This is adapted from a tribute that my father made at the memorial of his father, Theodore Olson, after whom we are both named, who died in 2002 at the age of 97. I post it here for the online access of posterity, and to provide a portrayal of the scientific mindset of a family patriarch that influenced not only his students, but his entire family and several generations beyond. Here is my father’s rendition of our family history.
The start of this story goes back almost 150 years. In about 1860 in Norway, Hans Opjörden left home and went to Oslo. Hans had the misfortune to be the second son in his family, and that meant that his older brother would inherit the family farm. Hans left home and headed off to Oslo, where he went to work in a shipyard building boats. After a while he decided he really wanted to sail on the boats instead of just building them. At this time Norway was a province of Sweden. Shrewdly, Hans changed his name from Opjörden to Olson (with a Swedish spelling) and got Swedish sailing papers.
He went on several voyages and along the way befriended a shipmate named Peter Magnus Peterson. We can imagine a conversation between them based on what subsequently happened. Hans confided that he’d really wanted to be a farmer but had no prospects of getting land—and that being a sailor was not his “dream job”, but was good paying employment.
The shipmate advised him, “You should go to America where they are giving away farmland!”
“But I heard they were only giving it to citizens—and not to new immigrants.”
“That is true, but you are in luck! My sister in New York is a Civil War widow and she’s a citizen. If you marry her, she can apply to homestead a plot of land!”
And so, in June of 1868, Hans Olson landed in New York and went to Chautauqua, and two months later married Caroline Peterson Franke. There was a problem however. There was no homestead land in western New York—they would have to go to the Midwest for that. A second problem was Caroline, an educated woman, had four children and she wanted them to also receive a good education. So, she left her children to be raised by family members and attend Eastern schools, and set off with Hans for Minnesota where good land could be found. They settled in Atwater, Minnesota and soon after establishing their homestead, Caroline started a school for the community and served as the teacher.
Hans and Caroline had a single child, Hendrick Martin Olson, known as Henry. Although initially taught by his mother, he continued on to a public school that ran through the 6th grade. He was an intrinsically curious and bright young man who read and studied on his own after completing this basic education. His talent was recognized by the community and they raised enough money to send him to the Swedish Seminary in Chicago to become a minister. By the time he returned he was fluent not just in Norwegian, Swedish and English—but he could read Latin and Greek.
Henry married the ‘girl on the farm next door’, Anna Rachel Anderson and they had two children Theodore and Marie. Theodore, known as Ted, was my father. By 1910 Henry, Anna, Ted and Marie were living in Kingston, a small town near Dassel, Minnesota.

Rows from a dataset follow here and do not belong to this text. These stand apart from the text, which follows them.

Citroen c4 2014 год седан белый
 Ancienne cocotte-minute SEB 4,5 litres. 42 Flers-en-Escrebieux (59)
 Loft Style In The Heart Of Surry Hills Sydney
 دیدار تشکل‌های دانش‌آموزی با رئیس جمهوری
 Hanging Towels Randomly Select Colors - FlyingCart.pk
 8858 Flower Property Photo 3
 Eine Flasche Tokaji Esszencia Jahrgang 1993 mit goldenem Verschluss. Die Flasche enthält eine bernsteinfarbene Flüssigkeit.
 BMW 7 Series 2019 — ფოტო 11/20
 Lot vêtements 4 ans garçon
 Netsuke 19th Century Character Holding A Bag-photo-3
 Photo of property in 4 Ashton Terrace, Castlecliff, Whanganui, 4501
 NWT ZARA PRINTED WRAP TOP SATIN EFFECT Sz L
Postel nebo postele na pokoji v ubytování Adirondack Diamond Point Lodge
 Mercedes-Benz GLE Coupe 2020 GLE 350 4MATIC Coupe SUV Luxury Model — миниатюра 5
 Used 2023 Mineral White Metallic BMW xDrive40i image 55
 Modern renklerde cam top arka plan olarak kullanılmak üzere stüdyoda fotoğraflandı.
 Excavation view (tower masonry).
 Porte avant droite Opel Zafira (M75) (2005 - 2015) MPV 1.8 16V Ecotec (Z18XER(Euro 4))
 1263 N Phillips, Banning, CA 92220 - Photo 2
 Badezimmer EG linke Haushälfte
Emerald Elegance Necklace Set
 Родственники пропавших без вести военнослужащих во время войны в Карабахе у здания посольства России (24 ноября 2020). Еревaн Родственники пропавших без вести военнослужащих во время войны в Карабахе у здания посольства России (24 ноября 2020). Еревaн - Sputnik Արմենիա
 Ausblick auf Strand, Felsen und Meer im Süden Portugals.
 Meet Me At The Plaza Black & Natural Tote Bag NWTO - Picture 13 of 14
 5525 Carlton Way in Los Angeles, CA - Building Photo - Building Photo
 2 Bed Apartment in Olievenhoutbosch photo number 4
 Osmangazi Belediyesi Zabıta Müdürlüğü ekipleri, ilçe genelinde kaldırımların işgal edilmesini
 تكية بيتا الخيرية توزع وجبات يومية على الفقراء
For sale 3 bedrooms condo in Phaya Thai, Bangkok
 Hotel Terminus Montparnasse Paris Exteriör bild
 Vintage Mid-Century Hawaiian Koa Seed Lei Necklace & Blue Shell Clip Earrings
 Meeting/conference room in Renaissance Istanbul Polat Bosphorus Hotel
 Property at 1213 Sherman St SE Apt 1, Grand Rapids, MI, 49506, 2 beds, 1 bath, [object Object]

Henry had a very small Swedish Covenant congregation in that community, not enough to fully support a minister, so Henry and Anna lived on and worked a farm just outside of town.
Reverend H.M. Olson, as he was known, loved to read and had a significant book collection for a poor minister in the early 1890’s. I have occasionally tried to imagine what it might have been like being that educated in a community where almost no one had completed high school.
My father told me that before he started school, he spoke only Swedish and Norwegian. When he started first grade he was introduced to English. Later, in college he would become fluent in German and French and at one point in his 80’s he was studying Spanish.
Kingston was a tiny community, and so he had to go to high school in Dassel, the neighboring town. Because the 11 mile distance was a long travel time away, he lived in a boarding house during the weekdays of the school year. He was valedictorian of his class, but because he was so nervous speaking in public his best friend, Elmer Marks, agreed to give the valedictory speech at graduation. The idea of my father being afraid to speak in public seems totally alien to the person that all of us knew.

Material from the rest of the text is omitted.